Nonostante le lotte di emancipazione e liberazione, insieme all’acquisizione dei diritti, il controllo sul corpo della donna permane seppure mutato di segno. In nome dell’identità nazionale francese, provvedimenti amministrativi sostituiscono un dialogo che dovrebbe calarsi nella materialità delle vite. Come si rapporta, come donna e femminista a questa trasformazione?

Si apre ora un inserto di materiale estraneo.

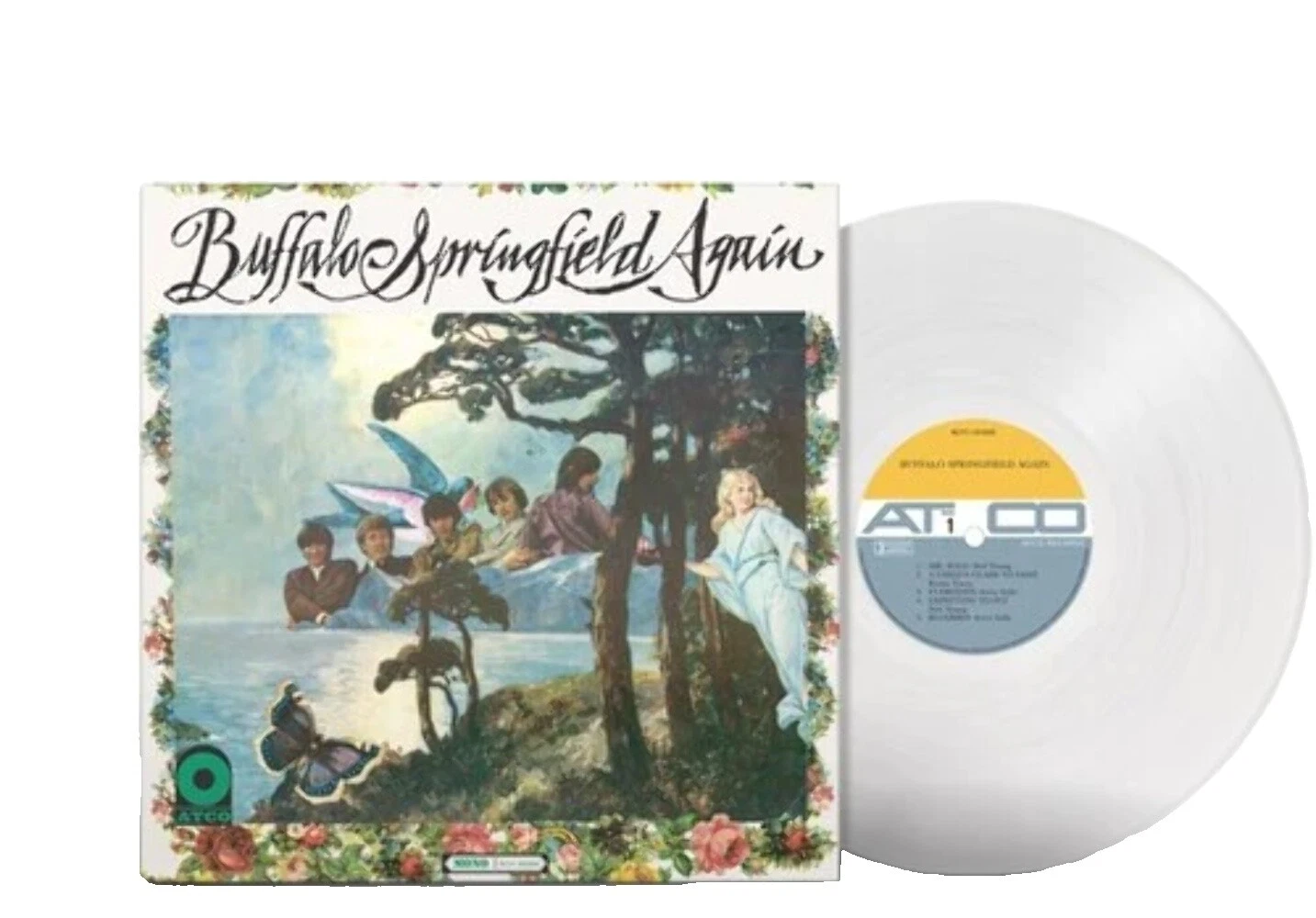 The Police Pop Vinyl Records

La questione dell’identità, o meglio la continua ripetizione di questa definizione, affligge la società francese almeno da prima degli anni Novanta. Mi raccomando, ci tengo a dire che non si tratta dell’identità femminile, che è altra cosa. Credo che in Francia si parli di identità culturale per negare le molteplicità: sussiste il rifiuto di riconoscere le identità plurali e l’accoglienza é stata sostituita dalla volontà di proteggersi. Questa traiettoria del pensiero non risale al recente clima degli attentati, ma a molto più lontano nel tempo – a una scelta di opporsi, di irrigidirsi, in definitiva di arroccarsi contro qualcosa o qualcuno. Ciò deriva dall’idea di nazione francese intesa come corpo definito e circoscritto. E voglio ricordare la nozione di «corpo dello stato» degli anni Quaranta: le camere riunite concessero pieni poteri a Philippe Pétain, con le nefaste conseguenze che conosciamo. Aborrendo questa logica di corpo dello stato trovo persecutori i provvedimenti presi nei confronti delle donne musulmane. Si tratta da una parte di prese di potere che esplicitano un’insofferenza nei confronti dell’Islam, dall’altra della messa in pratica dell’ennesimo dispositivo di controllo sul corpo delle donne. Trovo vergognosa la nota immagine che ha fatto il giro dei media internazionali (una donna in spiaggia costretta a spogliarsi del burkini, ndr) e non esagero a dire che mi ha ricordato le immagini passate di donne costrette a spogliarsi, pur in altri contesti. Non nutro alcun dubbio in merito alla giustezza dell’affermazione che siamo di fronte all’ennesimo tentativo di controllo sui nostri corpi, sussiste infatti una forma di vessazione ossessiva, alimentata dall’evidenza che le donne continuano a non essere ascoltate. La violenza si nutre dell’assenza di dialogo e dell’opinione pregiudiziale. Le donne sono escluse a causa di queste «assenze», che le rendono ulteriormente invisibilizzate e recluse.